Rettungssanitäter Hamiani schiebt eine Patientin auf einer Bahre zum Rettungswagen.

Das neben der Vollzeit-Arbeit zu leisten, sei eine unglaubliche Belastung, sagt Projektleiter Kajetan Tadrowski, und nicht für jeden geeignet. Er verstehe, wenn Hamiani nun erst einmal abwarten wolle. "Aber ich frage mich schon, wieso jemand wie er nicht einfach weitermachen darf."

Hamiani selbst ist trotzdem froh über seine Qualifizierung: Nun habe er wieder ein Leben, sagt er. "Wenn man nur zuhause sitzt und chillt, ist das kein Leben für mich." Er sei stolz auf sich, dass er die schwierige Prüfung mit den vielen lateinischen, medizinischen Fachbegriffen geschafft habe. Ohne das DRK-Projekt hätte das wohl nicht geklappt, glaubt er.

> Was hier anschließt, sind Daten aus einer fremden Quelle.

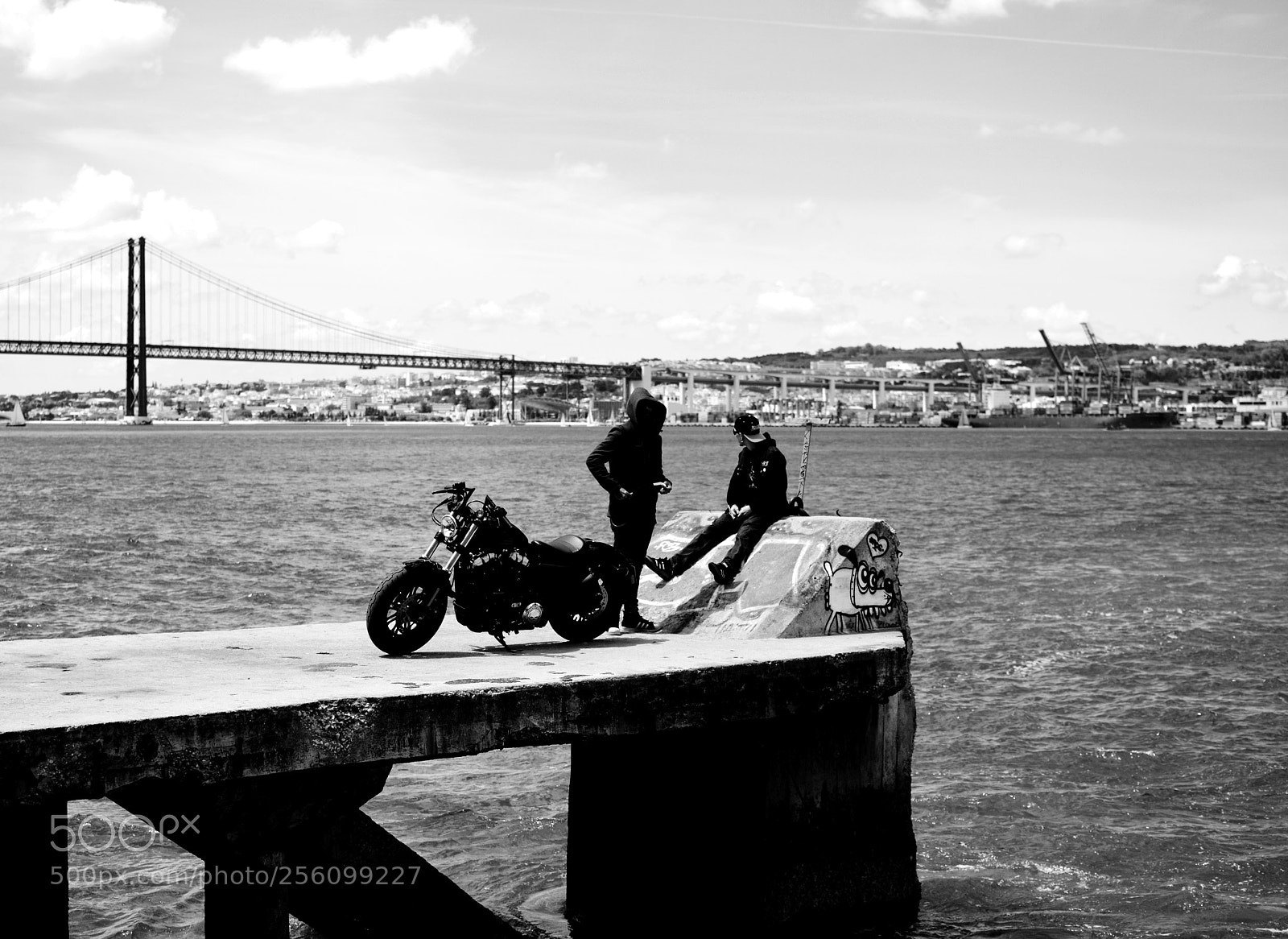 Nikon D5200 + Nikon AF-S DX Nikkor 35mm F1.8G sample photo. Pier photography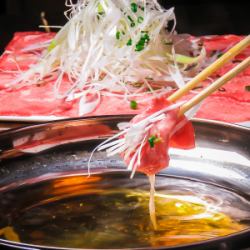 Beef tongue and white onion shabu-shabu (2 servings)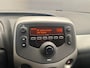 Peugeot 108 1.0 e-VTi Blue Lion Airco | 5-Deurs | Centrale Vergrendeling | Bluetooth | Elek. Ramen | LED Dagrij | Airco | Audio installatie | Bluetooth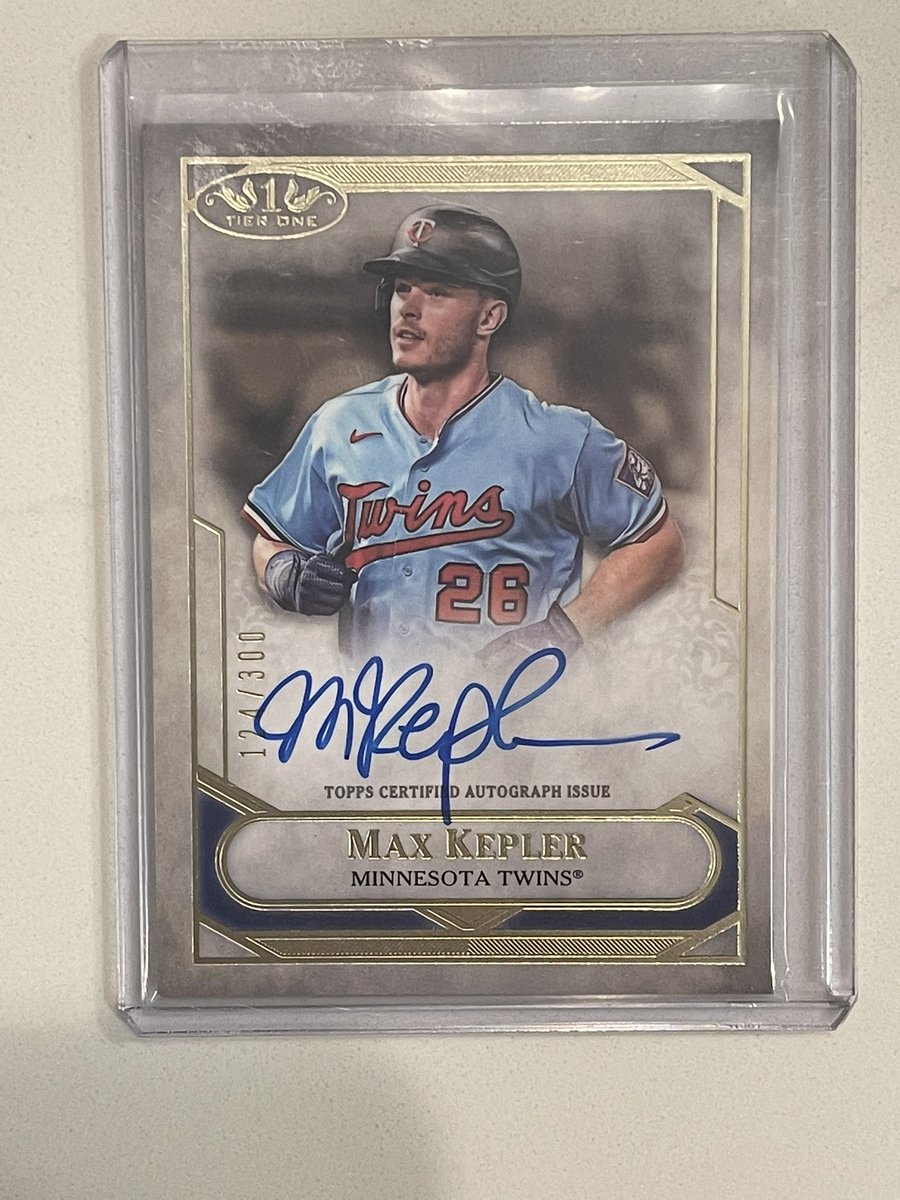 #MNTwins Max Kepler had a nice two hit game last night against the #WhiteSox.

He’s also got a nice auto.

Here’s one you can win. RT to enter, must be following to win.
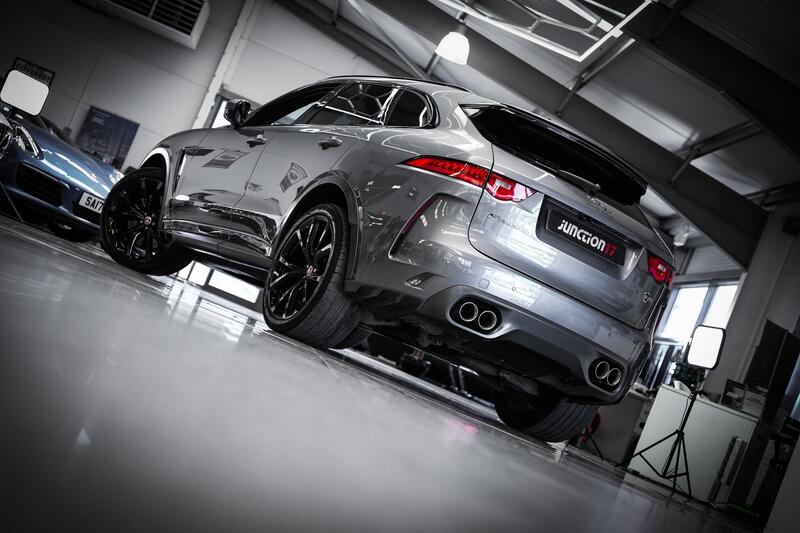 Jaguar F-Pace view 6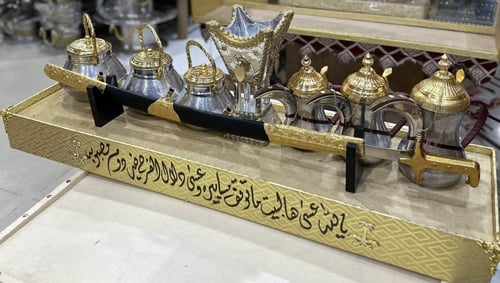 بوكس للأهداء 3 دلال 3 أباريق 1 مبخر 1 سيف الأمنيوم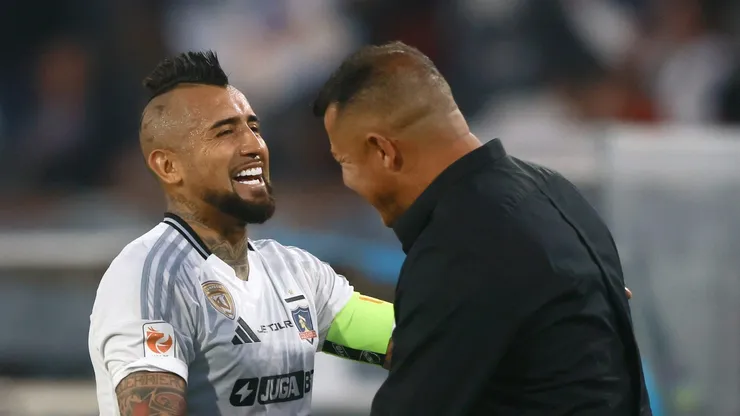 Vidal se cuadra con el bloque Vial para respaldar a Almirón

Auch finanziell gehe es ihm nun gut, sagt Hamiani. Beim DRK verdienen Berufseinsteiger als Rettungssanitäter inklusive Bereitschaftsdiensten und Nacht- und Sonntagszuschlägen im Schnitt rund 2.900 Euro brutto im Monat. Als Notfallsanitäter wären es gut 500 Euro mehr.

Arabisch hilft bei Einsätzen

Dass er neben Deutsch auch Hocharabisch, marokkanisches Arabisch und Französisch spricht, helfe ihm nun bei seinen Einsätzen, sagt Hamiani. Zuletzt seien sie bei arabischen Patienten gewesen, die Angst bekommen hätten, als sie die Rettungskräfte sahen. "Ich habe ihnen gesagt, was passiert und wohin wir gehen. Dann waren sie froh."

Projektleiter Tadrowski würde sich wünschen, dass mehr Betriebe integrative Ausbildungsprojekte anbieten. "Wir müssen die Menschen da abholen, wo sie sind." Dazu brauche es kleine Schritte, ist er überzeugt. Berufsqualifikationen, die aufeinander aufbauen, in Verbindung mit Sprachkursen. "Eine Sprache in der Schule perfekt zu lernen, ist nicht möglich", sagt er. "Es ist wichtig, diesen Weg gemeinsam mit den Betrieben, in der Praxis, zu gehen."